Keith Larson <k-larson2@NOSPAM.ti.com> wrote in message news:<3F9E91AD.1010304@NOSPAM.ti.com>...
> Hi Tom, Rune and Fred
> 
> I noticed one thing missing.  A common mistake when summing the signals 
> is that you cant sum power.  Instead you need to sum voltage, or in this 
> case its equivilent (if I remember correctly this is atmospheric pressure).
> 
> Consider the power density at a given radius R from the center
> 
>     P_R = Pin/R^2
> 
> Therefor for Voltage, that you can sum, you need to take the square root
> 
>    V_R = V_in/R
> 
> I ran into this many years ago when I designed a 'line source' array of 
> 16 full range 3" speakers (plus 24 tweeters).  If you think about this 
> for a moment you can visualize that at a given finite distance you will 
> be closer to some speakers than others and that the resulting wavefront 
> will not be spherical (like with one speaker) but a limited length 
> (truncated) cylinder.

The infamous "near field effects"... with bad lick you need to take 
phase fluctuations and local airflow into consideration as well. 
I saw a simulation of a sonar transmitter array where some of the 
elements actually acted as acoustic sinks, transforming the acoustic 
pressure back to electrical current. 

In my applications I have always assumed the "far field approximation",

  1/R_max = 1/R_min

to be true (R_max is the largest and R_min the smallest source-reciever 
distance). 

In a room there is also the problem of normal modes/standing waves and
multiple paths. It's not obvious how a beamformer will work (even if it 
will work at all) in a room.

> Solving for the frequency response for any arbitrary point is an 
> interesting problem.  I did so using calculus (difficult), FFT of the 
> imulse response and a direct computer simulation.  All three matched, 
> but what was interesting was that it gave a 3db/octave rolloff of the 
> high frequencies.  Better yet... it matched the measured response.

Three simulations that not only agreed with each other, but also matched 
the real world? That's not an everyday event. Great work!
 
Rune

Tom wrote:
> I was just wondering if an acoustic beamformer can be made to work in
> reverse.

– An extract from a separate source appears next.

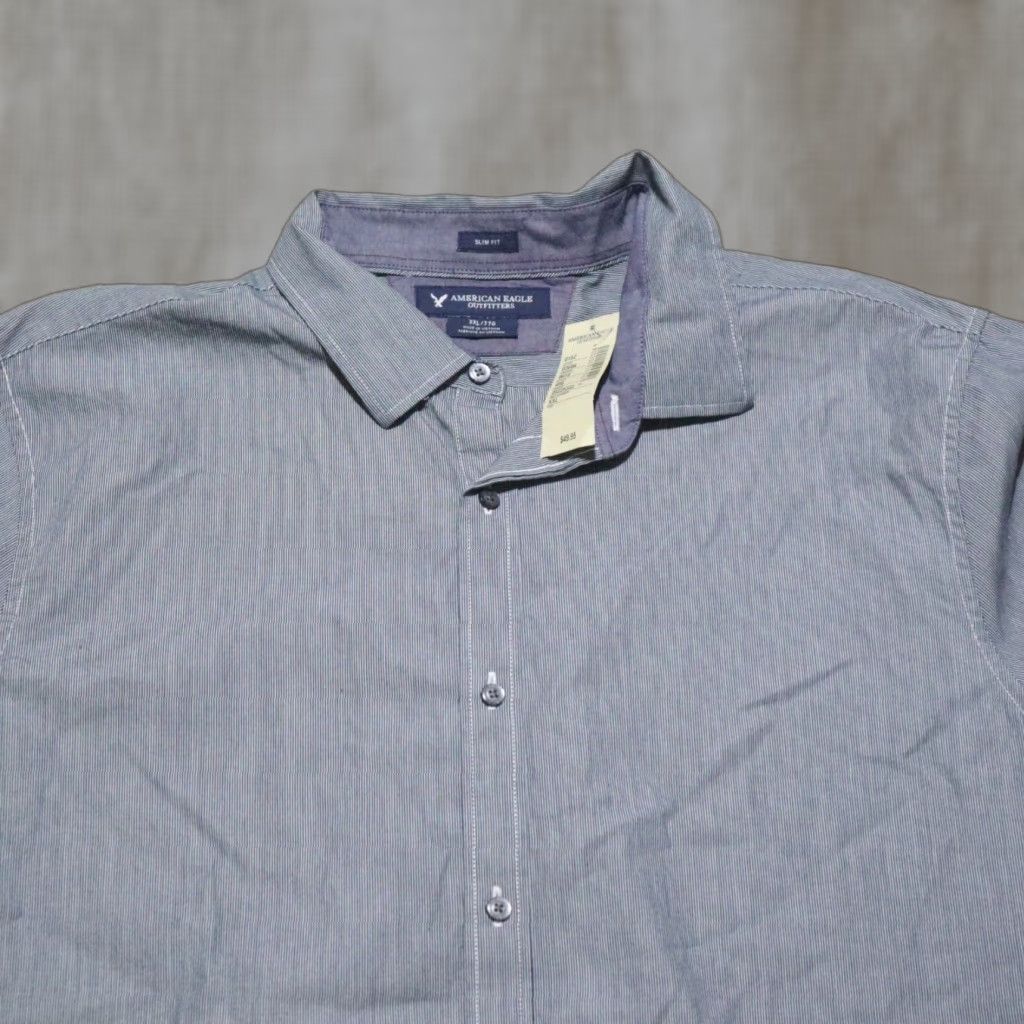 American Eagle Outfitters American Eagle Outfitters Shirt 2XL Blue Striped Long Sleeve Button-Up Men Slim Fit Size US XXL / EU 58 / 5 - 1 Thumbnail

Suppose we have say eight loud speakers, can the sound be
> focused in a narrow 'corridor'? To a certain extent I expect hi-fi
> surround sound is doing something similar but there the speakers
> surround you - here they would be together in an array.I wonder What
> would happen in the limit ifwe could have say 100 small loud speakers or
> similar transducers?
> 
> Tom
> 
> 
Ideally the principle  of reciprocity would apply.  Most of the 
(receiving) beamforming literature assumes that each transducer has no 
effect on the the other transducers around it.  Mechanical impedance is 
  force/velocity.  When you have a group of transducers pushing on the 
same column of air, you have coupling effects that can't be neglected. 
There's a short section in Urick's book "Principle of  Underwater Sound" 
if I recall correctly.  I had an opportunity of taking a class that 
Urick taught and one of his comments was that people fried a lot of amps 
before they figured out what was going on.